The use of the context-free grammars in linguistics often prompts comparison with programming languages (e.g., see this question). Despite the formal structure similarities, I would like to argue that they serve very different goals and structured accordingly: the programming languages are about processing data, whereas the natural languages are about transferring/communicating the data.
In more expanded terms: the programming languages are characterized by limited syntax and vocabulary which however permit creating very complex data processing algorithms. (See, e.g., this article for some minimalist programming languages.)
On the other hand, the natural languages possess very extended vocabularies, whereas their syntax is aimed at organizing information rather than processing it.

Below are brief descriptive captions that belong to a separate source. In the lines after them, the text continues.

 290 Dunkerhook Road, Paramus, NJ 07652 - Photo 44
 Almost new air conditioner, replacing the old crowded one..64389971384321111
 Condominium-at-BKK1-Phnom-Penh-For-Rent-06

A more valid comparison is between the natural languages and the message encoding in information theory, where the syntax serves to communicate the largest amount of information using the smallest number of symbols with the smallest number of errors.

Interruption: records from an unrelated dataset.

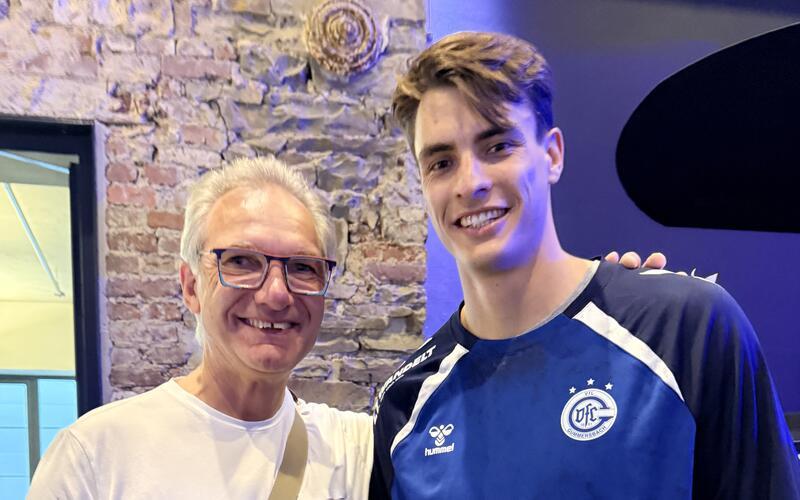 Ralf Maurer (links) und Nationalspieler Julian Köster.GB-Fotos: gb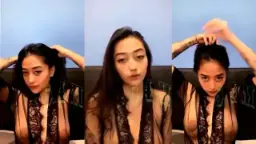 Mbak Mila, toketnya mantap bikin pengen gigit.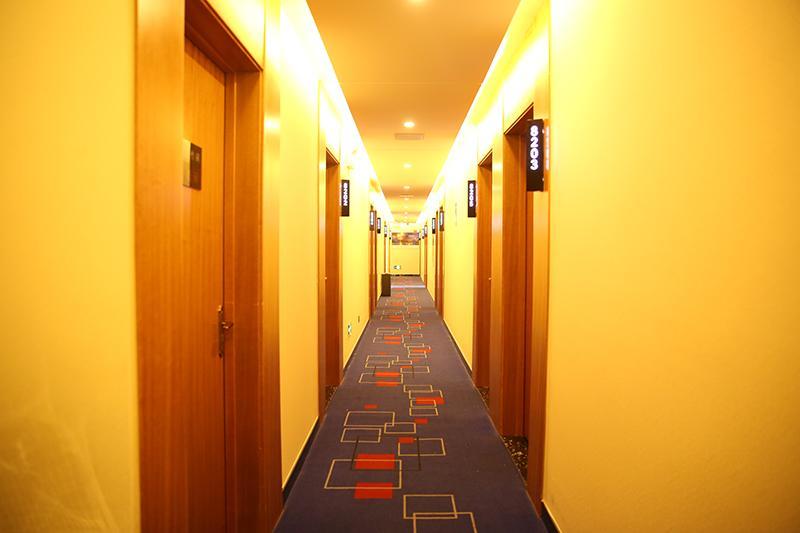 Thank Inn Chain Hotel Shandong Weifang Qingzhou Railway Station Gaoliu Экстерьер фото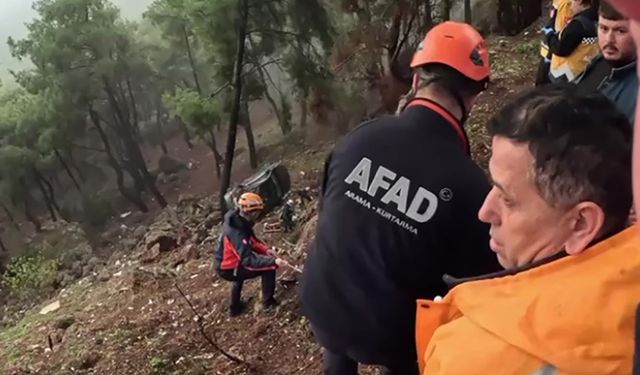 Direksiyon hakimiyetini kaybetti, uçurumdan yuvarlandı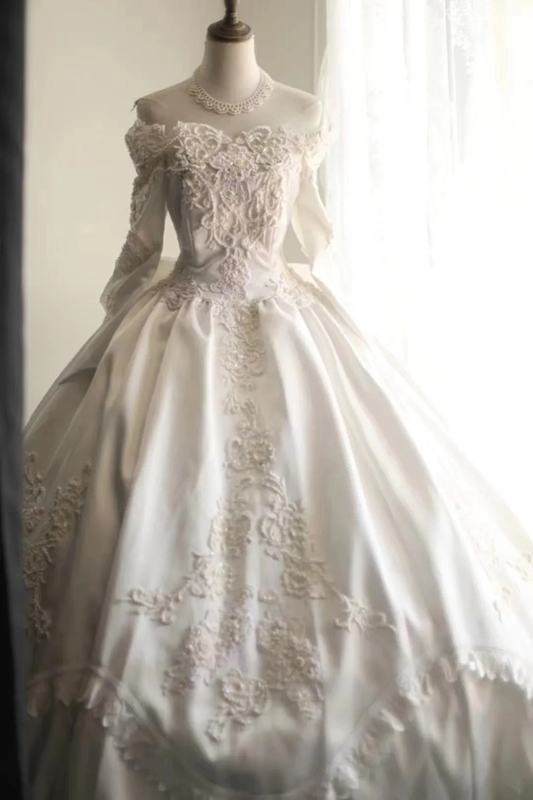 White off-the-shoulder lace waist-cinching slim-fit ballgown long prom dress R7951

Do you know about noisy channel coding theorem formulated in terms of CFGs? (In the standard textbooks it is presented in terms of Markov chains, which are equivalent to Regular grammars, i.e. the lower level in Chomsky hierarchy.)
Note to moderators
You are within your rights to close this question. It would be kind of you to propose migrating it, rather than simply shutting it down. In my opinion the question is a) most likely to get answers in this community and b) presents interest for people with linguistics background - which is why I chose to post it here.